**Collected material**
....

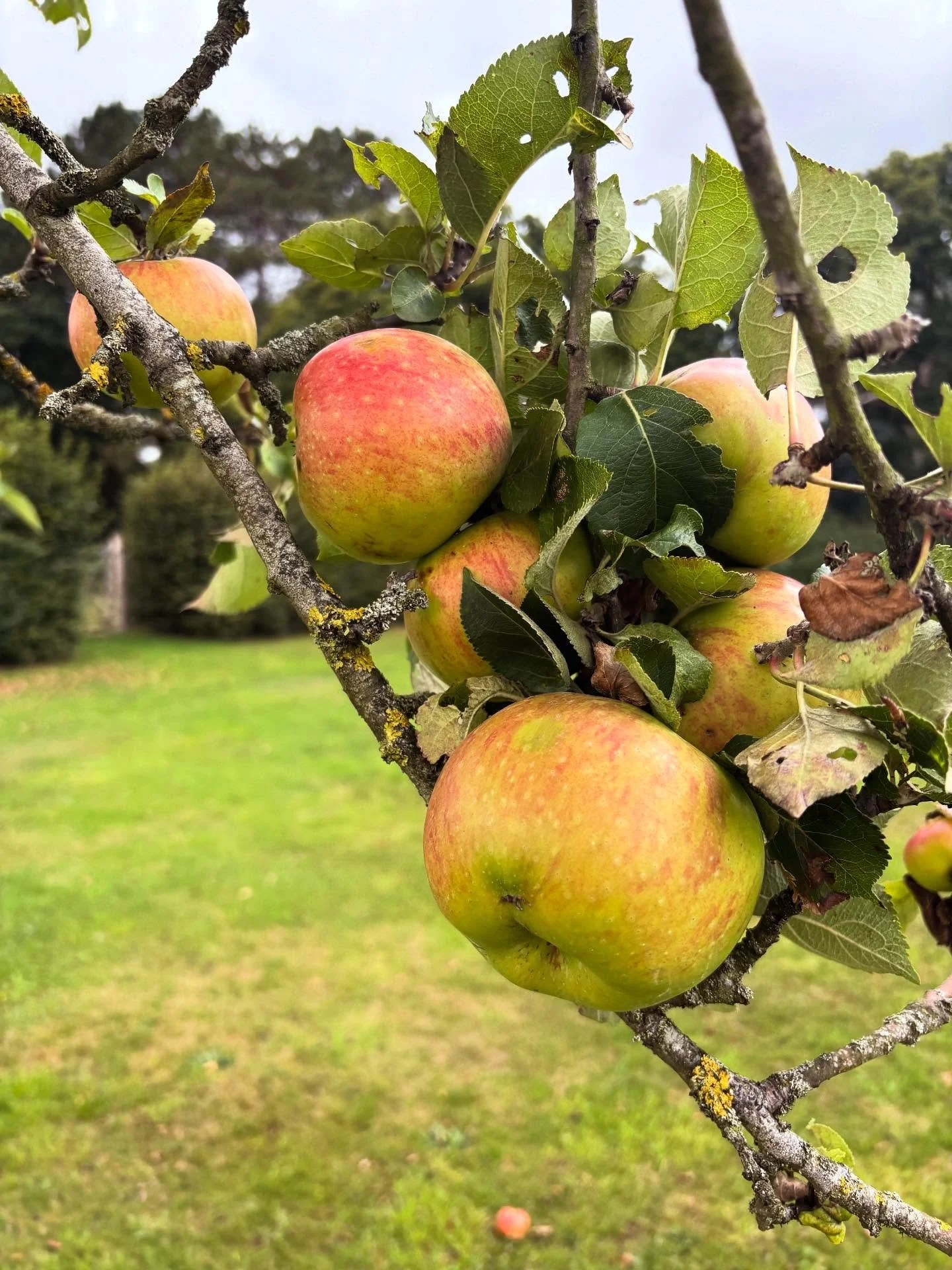 Autumnal bounty in the orchard - another legacy of our glorious summer 2025.

It has been a particularly fruitful year, thanks to the major remedial prune by Richard &amp; the team of our apple and pear trees in February 2023... they had become very 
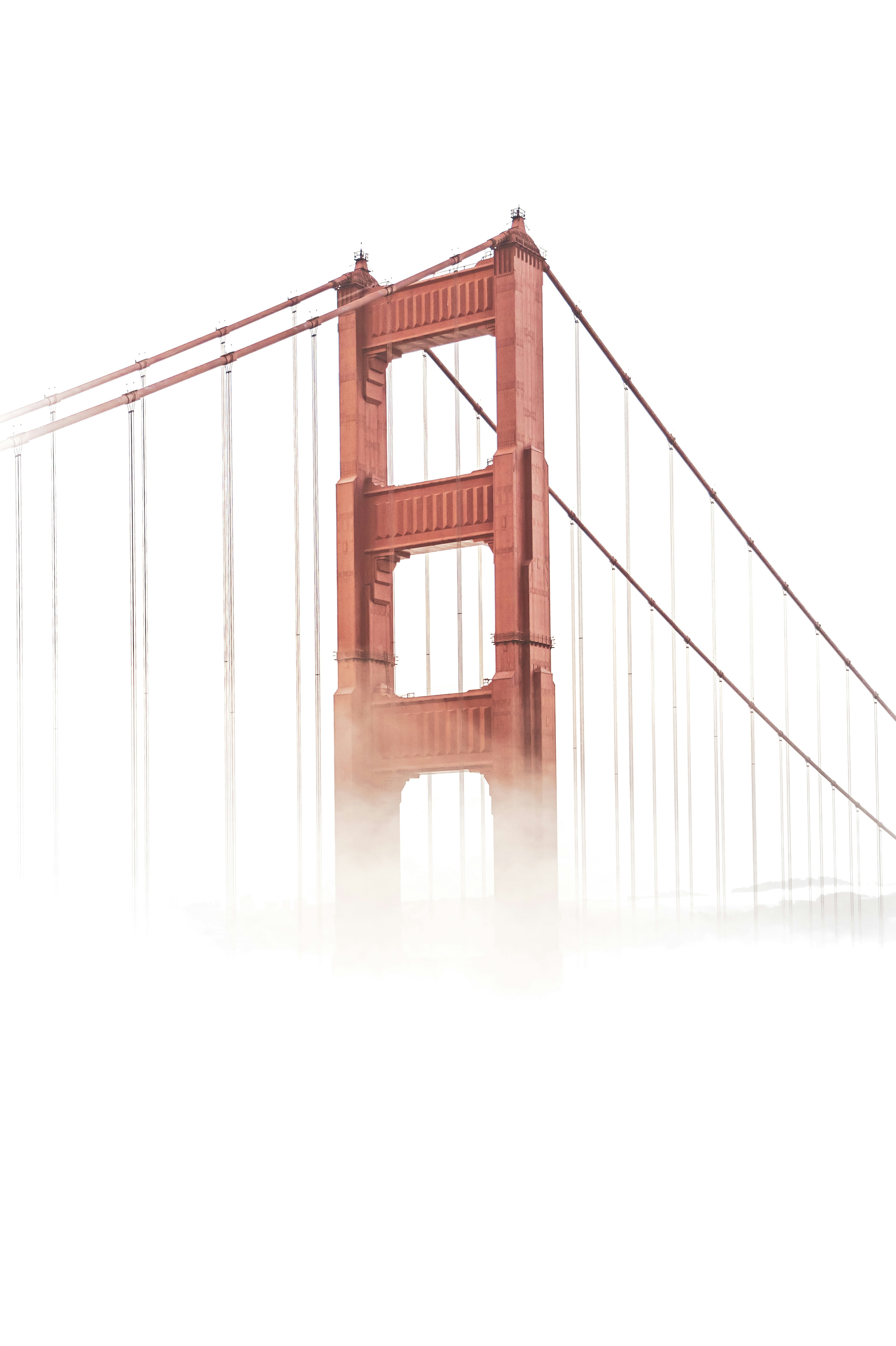 Photo by leo_visions_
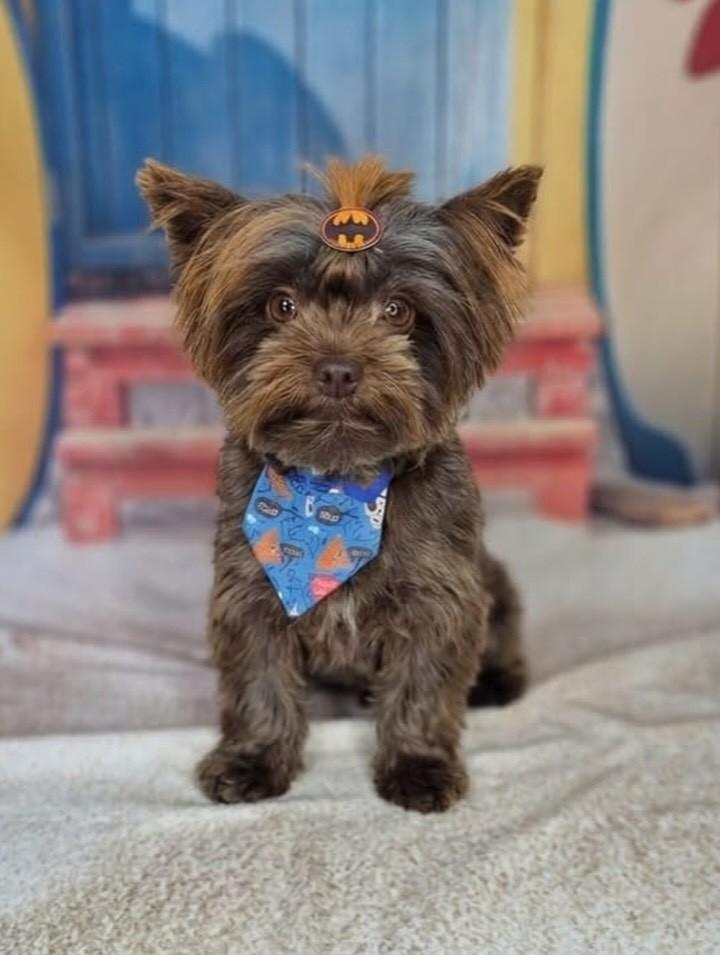 Yorksire Chocolate, cachorro de porte pequeno para adoção em São Paulo - SP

....

**Task item**
Output exactly the lines from the one that has "Photo by leo_visions_" through the end of the data. Do not include pictures.

**Answer area**
 Photo by leo_visions_
 Yorksire Chocolate, cachorro de porte pequeno para adoção em São Paulo - SP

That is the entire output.